Thursday, March 15th, 2007

One thing I’m not an expert on is data center security. A story was relayed to me by one of my Sales Engineers that really got me thinking about the topic though.

A while ago we were installing BalancePoint in a new customer site. The customer has a fairly large data center with hundreds of servers. As he began with the installation he requested username / password credentials in order to collect data from a particular set of servers. The customer was eager to get us going so instead of waiting to go through a process to get us Akorri credentials he said we could use the same credentials they use for another product. He asked a coworker if knew the username / password combination. Unfortunately he didn’t remember but offered to go get it. Now my Sales Engineer was expecting him to log into some database or other application to retrieve the need information but instead he got up and walked over to a corner of the room where there was a safe. Yes, a real safe. He opened up the safe, riffled through a number of envelopes, retrieved one and brought it back. Opening the envelope he removed a slip of paper that had the handwritten username/password combination. He entered the information into BalancePoint and then returned the envelope to the safe.

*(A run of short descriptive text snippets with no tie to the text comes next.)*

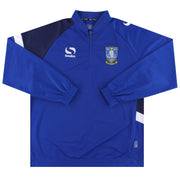 2016-17 Sheffield Wednesday Sondico 1/4 Zip Training Top *Neuwertig* XL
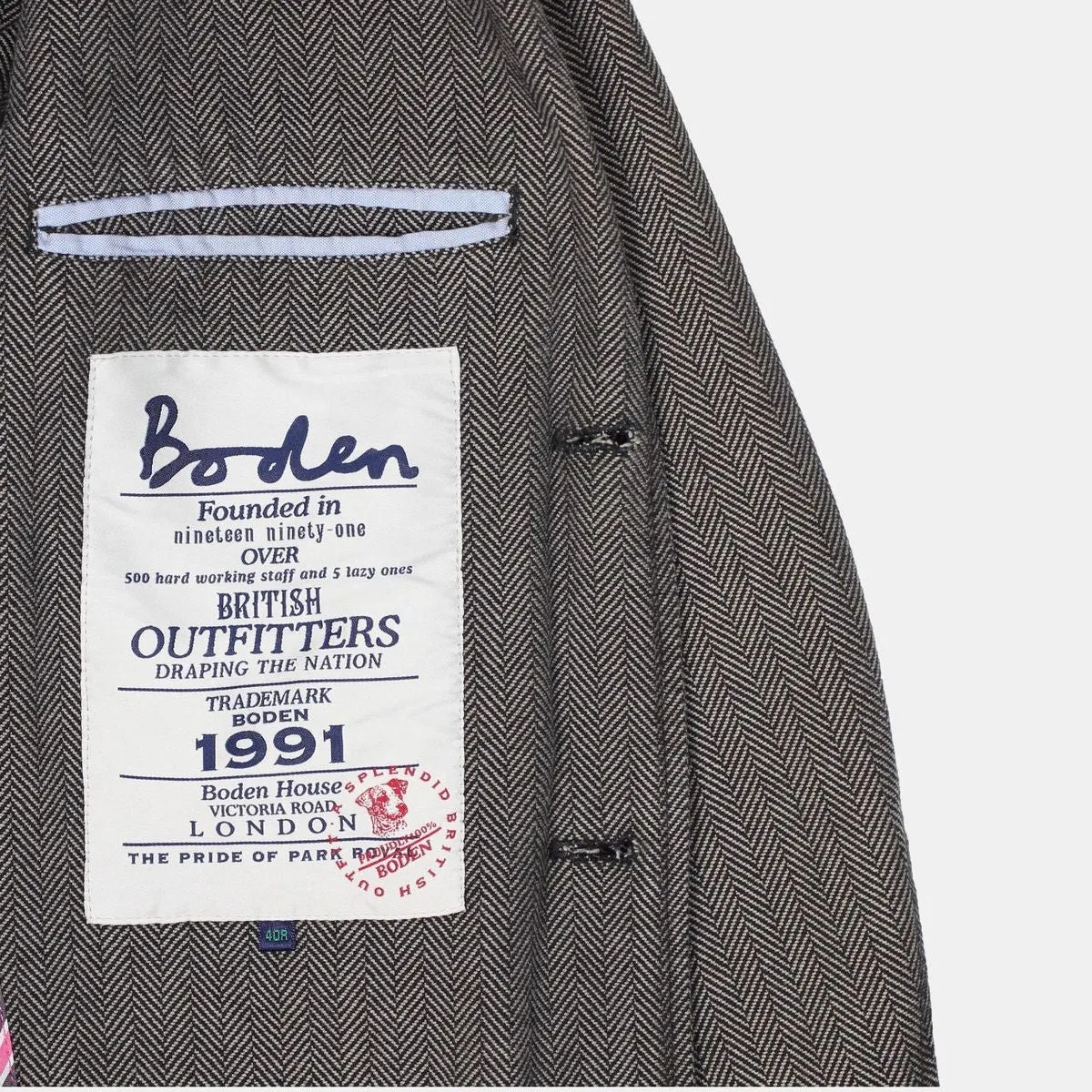 Boden Blazer Coat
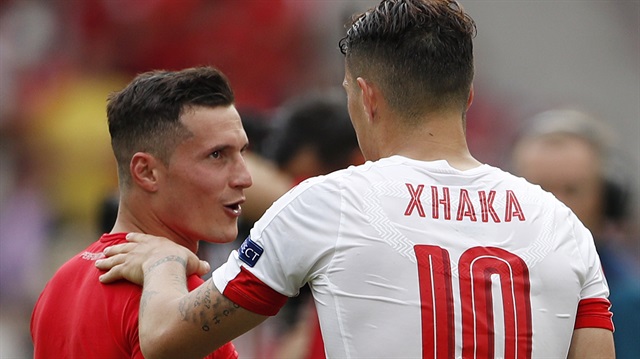 Xhaka kardeşlerin anne ve babası üzüntü içinde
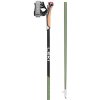 Nordic walking palice Leki FLASH CARBON Zelená,Čierna,béžová,Biela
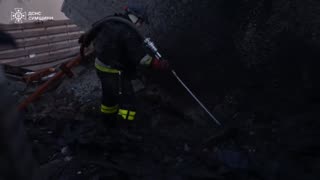 In the border region of Sumy region, employees of the State Emergency Service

As this story was being told to me I was chuckling. I was thinking to myself how low-tech nobody would want to manage credentials that way. On my drive home from work that day I began to think about the story again. I do most of my best thinking on my 12 mile commutes to and from work! I was still thinking wow, such a low-tech solution but I was beginning to also think maybe it’s not such a bad solution. Just because it’s low-tech doesn’t mean it’s a bad solution. As a matter of fact it’s probably more secure than the high-tech alternatives. Credentials stored on shared media, no matter what type of encryption is used, can still be hacked and accessed. With the physical security of the safe the access control is very well understood. Also, backups of the data aren’t really needed. It’s much harder for slips of paper to get destroyed in a fire proof safe than it is for bits to get destroyed or corrupted on a computer system. I was beginning to convince myself that the credential security scheme they employed may not be so ridiculous afterall. It’s ok to be low-tech. Right?

As I stated at the beginning, data center security issues isn’t something I’m an expert on. I’d be interested in hearing from the experts their thoughts on the topic. I might just go out this weekend and buy a safe for storing my own username / passwords in!